Il direttore generale della Rai, Mauro Masi

Il direttore generale della Rai, Mauro Masi, ha querelato il Fatto quotidiano. “In merito all’ennesimo articolo contenente notizie false e assolutamente tendenziose (peraltro ultimo di una lunga serie facente parte di una campagna denigratoria anche sulla mia vita privata) apparso questa mattina sul quotidiano Il Fatto a firma Marco Lillo“, scrive Masi in una nota della Rai, fatto anomalo, visto che nella querela parla soprattutto di vita privata, “il direttore generale ha dato mandato ad un pool di legali di procedere nei confronti degli autori degli articoli, del direttore responsabile della testata e della societa’ editrice, per diffamazione aggravata e per stalking”.

Ecco la replica del nostro giornale al manager Rai

Il direttore generale della Rai, Mauro Masi, annuncia di aver fatto denuncia per stalking nei confronti del nostro quotidiano che ha l’unico scopo di porre una spada di Damocle sul nostro lavoro. Possiamo rassicurare i lettori che, a partire da domani, pubblicheremo ancora articoli con interviste e notizie inedite sulle vicende che riguardano Masi. Come al solito, continueremo serenamente a fare il nostro dovere di cronisti e non ci faremo intimidire.

Però è necessario spiegare meglio la strategia legale del direttore generale della Rai per far comprendere ai lettori meglio quello che sta accadendo.

Lo stalking è punito dalla legge con la galera da sei mesi a 4 anni perché è un reato grave introdotto due anni fa nel codice per sanzionare i comportamenti persecutori e pericolosi.

Masi di fatto ci equipara con il suo comunicato a “chiunque reiteratamente, con qualunque mezzo, minaccia o molesta taluno in modo tale da infliggergli un grave disagio psichico ovvero da determinare un giustificato timore per la sicurezza personale propria o di una persona vicina o comunque da pregiudicare in maniera rilevante il suo modo di vivere”.

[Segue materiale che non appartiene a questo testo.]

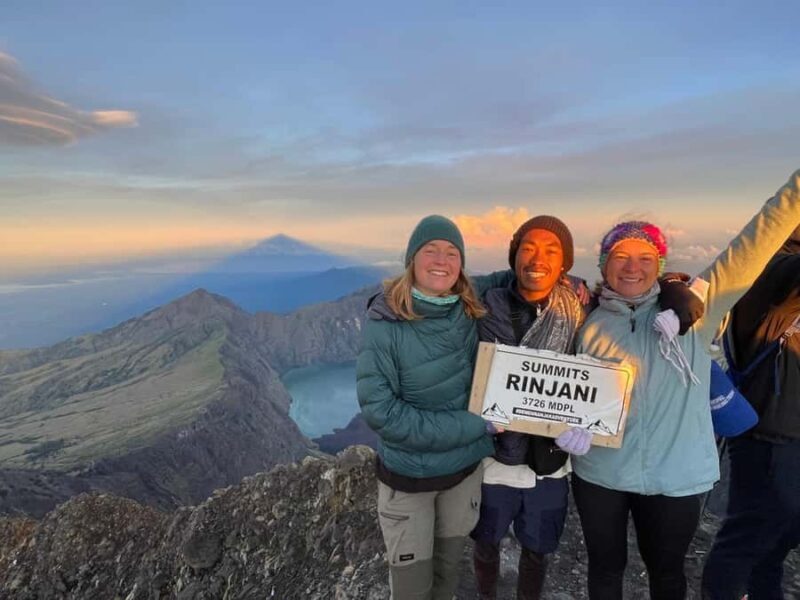 Mount Rinjani Trekking: 2D/1N Hike To Summit 3726m Full View - Good To Know
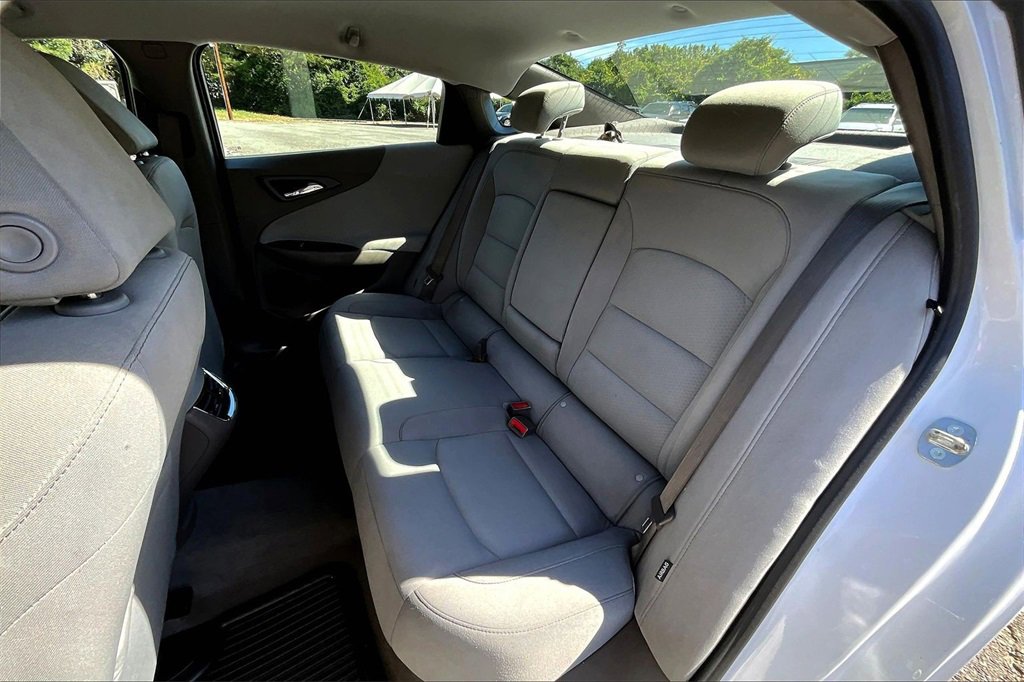 Certified 2022 Chevrolet Malibu LT image 20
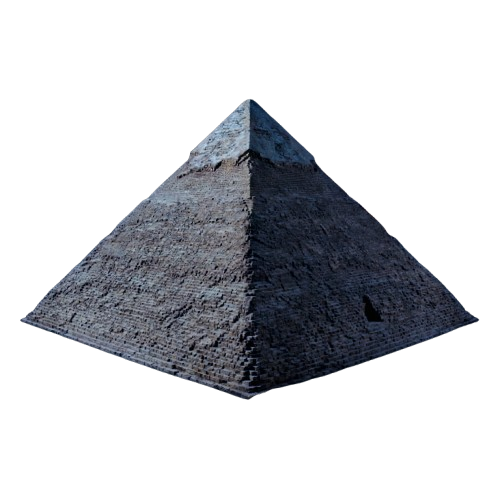 3D Pyramid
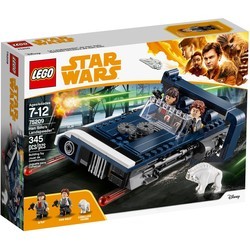 Конструктор Lego Han Solos Landspeeder 75209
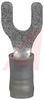 AMP;TERMINAL;SPADE TONGUE;16-14AWG;BLUE;STUD SIZE 8 - 70084136 - Allied Electronics, Inc.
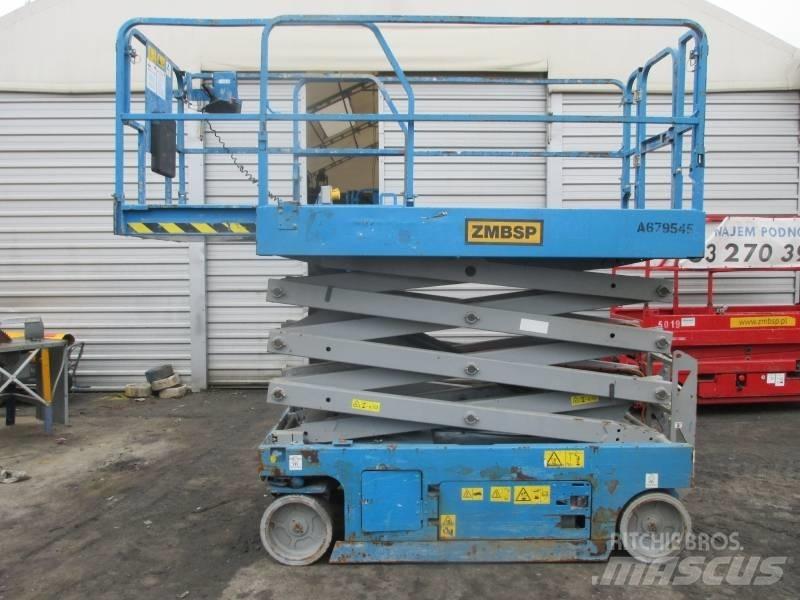 Genie GS 2646 Ножничные подъемники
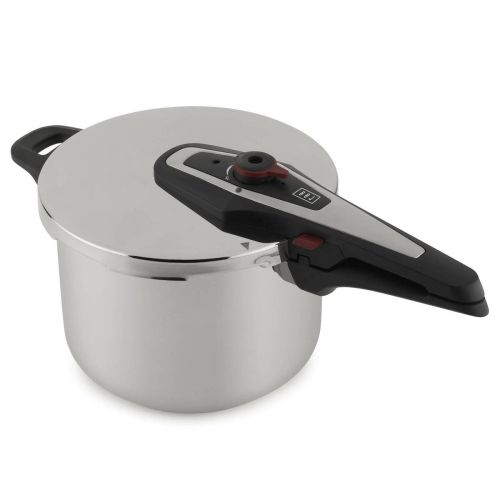 Olla Express de 6 L BOJ en Acerco Inoxidable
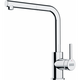 Tap Lina L Pull Out Nozzle HP Chrome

Ovviamente né gli articoli né le telefonate a Masi precedenti al pezzo avevano nulla a che fare con un simile comportamento.

Come è evidente Il Fatto non ha commesso alcuno stalking ma ha svolto il suo dovere di informare il pubblico. Se abbiamo contattato Masi prima dell’articolo con telefonate ed sms cortesi (che abbiamo registrato e che sono a disposizione della magistratura) è solo per avere la sua versione dei fatti. Sulla carta dei doveri del giornalista c’è scritto che:

Il giornalista non deve dare notizia di accuse che possano danneggiare la reputazione e la dignità di una persona senza garantire opportunità di replica all’accusato. Nel caso in cui ciò sia impossibile (perché il diretto interessato risulta irreperibile o non intende replicare), ne informa il pubblico.

Sentire Masi non era solo un nostro diritto ma anche un nostro dovere.

Il direttore generale della Rai, peraltro, ci ha sempre risposto e ha accettato di parlare salvo poi cambiare tono e attaccare ogni volta che gli si ponevano domande imbarazzanti.

All’esito di un lungo lavoro di inchiesta autonomo, che ha talvolta smentito le conclusioni errate degli stessi investigatori, Il Fatto Quotidiano ha scritto ieri un articolo documentato che non è stato smentito né da Masi, né dalla RAI, né da alcun altro soggetto coinvolto e citato nel pezzo. Semplicemente perché tutti i fatti narrati sono tveri. Masi non poteva smentire né le sue intercettazioni telefoniche con Angelo Balducci nelle quali concordava il sopralluogo dell’operaio di Diego Anemone a Capri, né il preliminare di acquisto firmato dalla sua compagna di allora, Susanna Smit, con Umberto Mattone per 2,3 milioni di euro, né la risoluzione successiva di un anno, né l’ottenimento della promessa da parte di Mattone di restituire 100 mila euro alla ex compagna, né l’esistenza di una fiction inserita dalla Rai nel piano di produzione e basata su un soggetto di Mattone ispirato alla sua biografia.

A corto di argomenti, Masi ha deciso, come si dice a Roma e dintorni, di “buttarla in caciara”.

Grazie al suo comunicato le agenzie di stampa non si sono concentrate sui fatti narrati (la villa, la fiction, ecc…) ma sulla reazione del manager Rai. Ed è molto grave che il manager posto alla guida della principale società culturale del paese, un’azienda pubblica sottoposta al controllo del Parlamento e pagata dal canone dei cittadini, possa impunemente reagire così alla pubblicazione di un articolo che narra una storia vera sulla quale Masi dovrebbe rendere conto all’opinione pubblica.